ABSTRACT

Twenty years ago Nancy Shoemaker’s introduction to the highly praised edited volume Negotiators of Change: Historical Perspectives on Native American Women assessed the previous twenty years of scholarship on post-contact North America (Shoemaker 1995). Heavily influenced by the work of feminist anthropologists Ruth Leacock and Michelle Rosaldo’s Women and Colonization, Shoemaker explained, scholars had embraced the study of Native women’s status as defined by gender equality based on the assumptions of constructed universal male dominance and female subordination, as rooted in colonization. Coming from a Marxist criticism of capitalism, Leacock and Rosaldo’s approach to women’s status through labor emphasized their economic contributions, which necessarily declined in the face of destructive impacts of colonialism and loss of tribal political strength (Shoemaker 1995: 4-5).
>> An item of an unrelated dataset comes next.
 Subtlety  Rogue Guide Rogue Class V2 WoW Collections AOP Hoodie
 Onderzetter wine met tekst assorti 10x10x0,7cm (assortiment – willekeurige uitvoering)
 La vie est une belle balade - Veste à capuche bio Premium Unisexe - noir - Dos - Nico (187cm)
Shoemaker’s call for consideration of women’s adaptive strategies in Native women’s histories framed contributions to Negotiators of Change which examined the impact of colonialism on women’s status and women’s varied responses. Subsequently, studies of Native women in post-contact history continue to emphasize both women’s status and decline at the expense of attention to women’s adaptive strategies, despite this critical intervention (LeMaster 2014: 6).